Обсуждение: Apply worker fails if a relation is missing on subscriber even if refresh publication has not been refreshed yet

Поиск
Список
Период
Сортировка
Hi hackers,

I realized a behaviour of logical replication that seems unexpected to me, but not totally sure. 

Let's say a new table is created and added into a publication and not created on subscriber yet. Also "ALTER SUBSCRIPTION ... REFRESH PUBLICATION" has not been called yet.
What I expect in that case would be that logical replication continues to work as it was working before the new table was created. The new table does not get replicated until "REFRESH PUBLICATION" as stated here [1].
This is indeed how it actually seems to work. Until we insert a row into the new table. 

After a new row into the new table, the apply worker gets this change and tries to apply it. As expected, it fails since the table does not exist on the subscriber yet. And the worker keeps crashing without and can't apply any changes for any table.
The obvious way to resolve this is creating the table on subscriber as well. After that apply worker will be back to work and skip changes for the new table and move to other changes.
Since REFRESH PUBLICATION is not called yet, any change for the new table will not be replicated.  

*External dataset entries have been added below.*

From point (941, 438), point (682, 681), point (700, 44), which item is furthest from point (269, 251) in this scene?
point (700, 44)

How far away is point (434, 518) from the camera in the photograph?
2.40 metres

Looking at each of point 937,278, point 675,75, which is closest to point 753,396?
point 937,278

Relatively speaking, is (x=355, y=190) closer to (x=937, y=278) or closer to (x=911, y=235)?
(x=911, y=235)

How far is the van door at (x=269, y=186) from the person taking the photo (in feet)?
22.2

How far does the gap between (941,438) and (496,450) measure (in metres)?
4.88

If replication of the new table will not start anyway (until REFRESH PUBLICATION), do we really need to have that table on the subscriber for apply worker to work?
AFAIU any change on publication would not affect logical replication setup until the publication gets refreshed on subscriber. If this understanding is correct, then apply worker should be able to run without needing new tables.
What do you think?

Also; if you agree, then the attached patch attempts to fix this issue.
It relies on the info from pg_subscription_rel so that apply worker only applies changes for the relations exist in pg_subscription_rel.
Since new tables wouldn't be in there until the next REFRESH PUBLICATION, missing those tables won't be a problem for existing subscriptions.


Thanks,
--
Melih Mutlu
Microsoft
Вложения
On Thu, Dec 22, 2022 at 7:16 PM Melih Mutlu <m.melihmutlu@gmail.com> wrote:
>
> Hi hackers,
>
> I realized a behaviour of logical replication that seems unexpected to me, but not totally sure.
>
> Let's say a new table is created and added into a publication and not created on subscriber yet. Also "ALTER
SUBSCRIPTION... REFRESH PUBLICATION" has not been called yet.
 
> What I expect in that case would be that logical replication continues to work as it was working before the new table
wascreated. The new table does not get replicated until "REFRESH PUBLICATION" as stated here [1].
 
> This is indeed how it actually seems to work. Until we insert a row into the new table.
>
> After a new row into the new table, the apply worker gets this change and tries to apply it. As expected, it fails
sincethe table does not exist on the subscriber yet. And the worker keeps crashing without and can't apply any changes
forany table.
 
> The obvious way to resolve this is creating the table on subscriber as well. After that apply worker will be back to
workand skip changes for the new table and move to other changes.
 
> Since REFRESH PUBLICATION is not called yet, any change for the new table will not be replicated.
>
> If replication of the new table will not start anyway (until REFRESH PUBLICATION), do we really need to have that
tableon the subscriber for apply worker to work?
 
> AFAIU any change on publication would not affect logical replication setup until the publication gets refreshed on
subscriber.
>

I also have the same understanding but I think if we skip replicating
some table due to the reason that the corresponding publication has
not been refreshed then it is better to LOG that information instead
of silently skipping it. Along similar lines, personally, I don't see
a very strong reason to not throw the ERROR in the case you mentioned.
Do you have any use case in mind where the user has added a table to
the publication even though she doesn't want it to be replicated? One
thing that came to my mind is that due to some reason after adding a
table to the publication, there is some delay in creating the table on
the subscriber and then refreshing the publication and during that
time user expects replication to proceed smoothly. But for that isn't
it better that the user completes the setup on the subscriber before
performing operations on such a table? Because say there is some error
in the subscriber-side setup that the user misses then it would be a
surprise for a user to not see the table data. In such a case, an
ERROR/LOG information could be helpful for users.

-- 
With Regards,
Amit Kapila.



Hi Amit,

Amit Kapila <amit.kapila16@gmail.com>, 23 Ara 2022 Cum, 09:39 tarihinde şunu yazdı:
I also have the same understanding but I think if we skip replicating
some table due to the reason that the corresponding publication has
not been refreshed then it is better to LOG that information instead
of silently skipping it.
 
By skipping it, I mean the apply worker does not try to do anything with the changes for the missing table since the worker simply cannot apply it and only fails. 
But I agree with you about logging it, the patch currently logs such cases as warnings instead of errors.
I can make it LOG instead of WARNING, just wanted to make something different than ERROR. 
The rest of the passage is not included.